218 - 91 解码方法

题目

一条包含字母 A-Z 的消息通过以下方式进行了编码：

'A' -> 1 'B' -> 2 ... 'Z' -> 26 给定一个只包含数字的非空字符串，请计算解码方法的总数。

示例 1:

输入: "12" 输出: 2 解释: 它可以解码为 "AB"（1 2）或者 "L"（12）。

示例 2:

输入: "226" 输出: 3 解释: 它可以解码为 "BZ" (2 26), "VF" (22 6), 或者 "BBF" (2 2 6) 。

解答

每个数字一个数，两两组合一个数，组合还要看不要超过26

https://leetcode-cn.com/problems/decode-ways/solution/dong-tai-gui-hua-tu-jie-by-nfgc/

class Solution:
    def numDecodings(self, s: str) -> int:
        pp, p = 1, int(s[0] != "0")
        for i in range(1, len(s)):
            pp, p = p, pp*(9 < int(s[i-1:i+1]) <= 26)+p*(int(s[i]) > 0)
        return p

Runtime: 28 ms, faster than 83.56% of Python3 online submissions for Decode Ways.

Memory Usage: 12.5 MB, less than 100.00% of Python3 online submissions for Decode Ways.

https://leetcode.com/problems/decode-ways/discuss/30379/1-liner-O(1)-space

class Solution:
    def numDecodings(self, s: str) -> int:
        v, w, p = 0, int(s > ""), ""
        for d in s:
            v, w, p = w, (d > "0")*w+(9 < int(p+d) < 27)*v, d
        return w

Runtime: 28 ms, faster than 83.56% of Python3 online submissions for Decode Ways.

Memory Usage: 12.7 MB, less than 100.00% of Python3 online submissions for Decode Ways.

递归

https://leetcode-cn.com/problems/decode-ways/solution/xiang-xi-tong-su-de-si-lu-fen-xi-duo-jie-fa-by-2-3/

class Solution:
    def numDecodings(self, s: str) -> int:
        def recu(i):
            if i == len(s):
                return 1
            if s[i] == '0':
                return 0
            ans1 = recu(i+1)
            ans2 = 0
            if i < len(s)-1:
                if int(s[i]+s[i+1]) <= 26:
                    ans2 = recu(i+2)
            return ans1+ans2

        return recu(0)

超时了

带备忘录的递归

class Solution:
    def numDecodings(self, s: str) -> int:
        memo = {}

        def recu(i):
            if i == len(s):
                return 1
            if s[i] == '0':
                return 0
            if i in memo:
                return memo[i]
            ans1 = recu(i+1)
            ans2 = 0
            if i < len(s)-1:
                if int(s[i]+s[i+1]) <= 26:
                    ans2 = recu(i+2)
            memo[i] = ans1 + ans2
            return ans1+ans2

        return recu(0)

Runtime: 36 ms, faster than 27.57% of Python3 online submissions for Decode Ways.

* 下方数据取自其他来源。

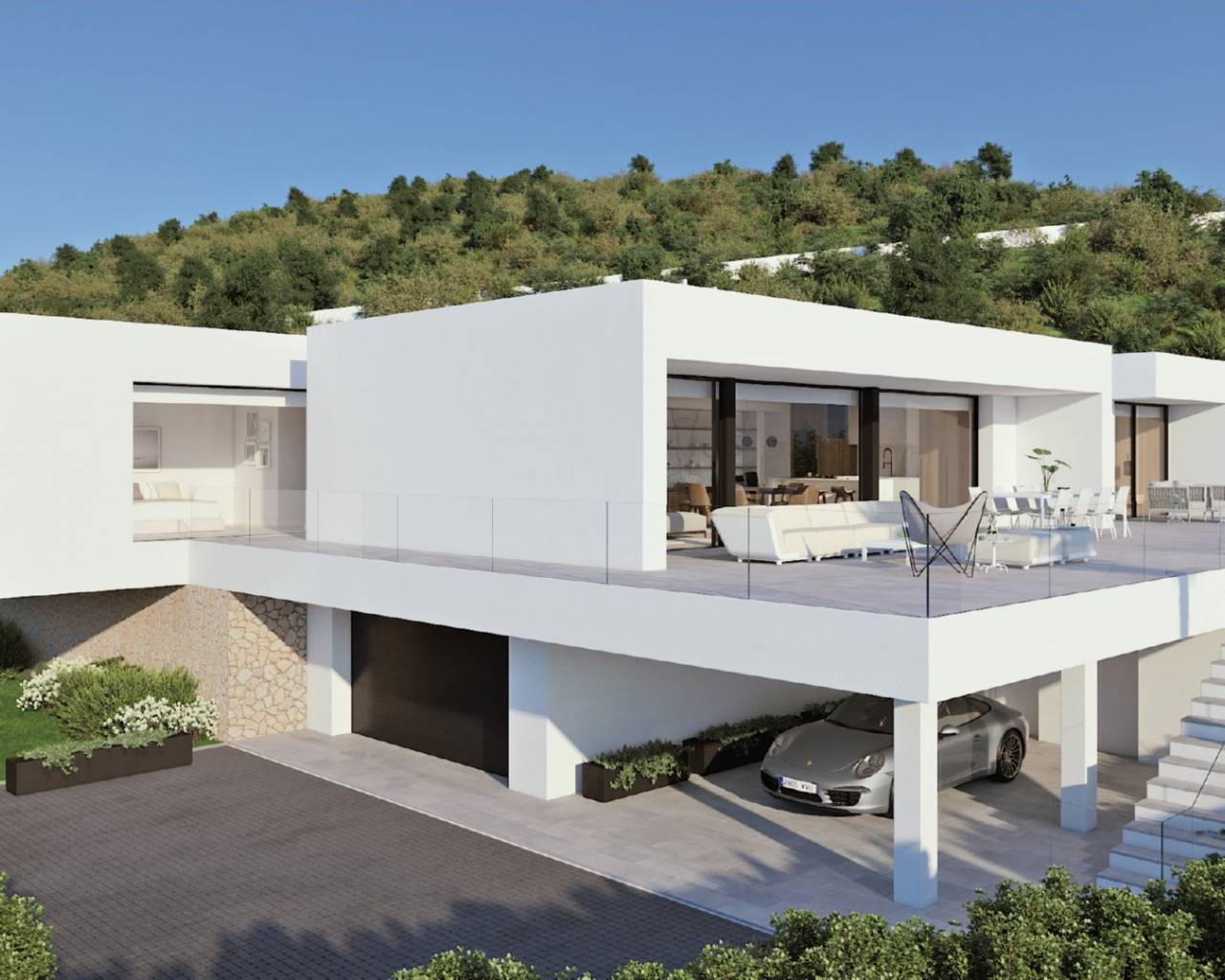 Villa - New Build - Benitachell - C15ZH-24824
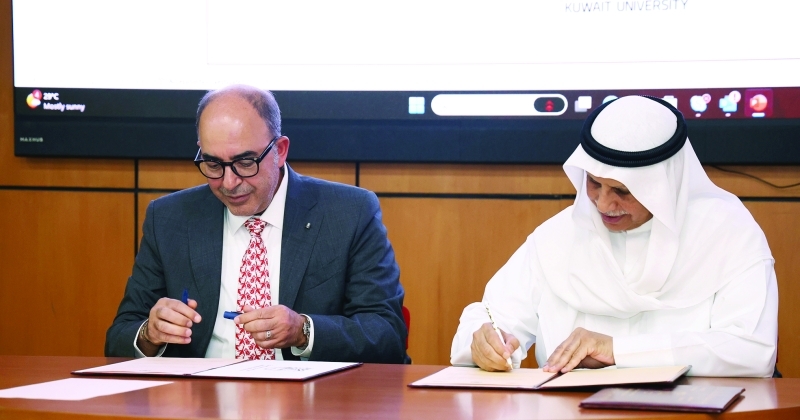 «الساير» توقّع اتفاقيتين إستراتيجيتين لتعزيز الاستدامة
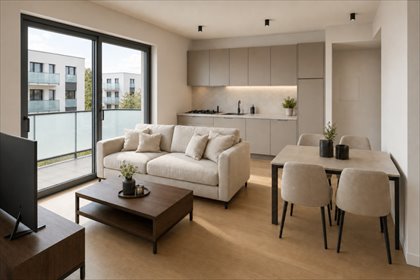 Do sprzedania funkcjonalne 3-pokojowe mieszkanie 45,96 m² w Poznaniu mieszkanie Poznań, Umultowo, Maków Polnych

Memory Usage: 13.7 MB, less than 16.00% of Python3 online submissions for Decode Ways.

自底向上

https://leetcode.com/problems/decode-ways/discuss/30358/Java-clean-DP-solution-with-explanation

class Solution:
    def numDecodings(self, s: str) -> int:
        if not s:
            return 0
        n = len(s)
        dp = [0]*(n+1)
        dp[0] = 1
        dp[1] = 1 if s[0] != '0' else 0
        for i in range(2, n+1):
            first = int(s[i-1:i])
            second = int(s[i-2:i])
            if first >= 1 and first <= 9:
                dp[i] += dp[i-1]
            if second >= 10 and second <= 26:
                dp[i] += dp[i-2]
        return dp[n]

Runtime: 32 ms, faster than 59.69% of Python3 online submissions for Decode Ways.

Memory Usage: 12.7 MB, less than 100.00% of Python3 online submissions for Decode Ways.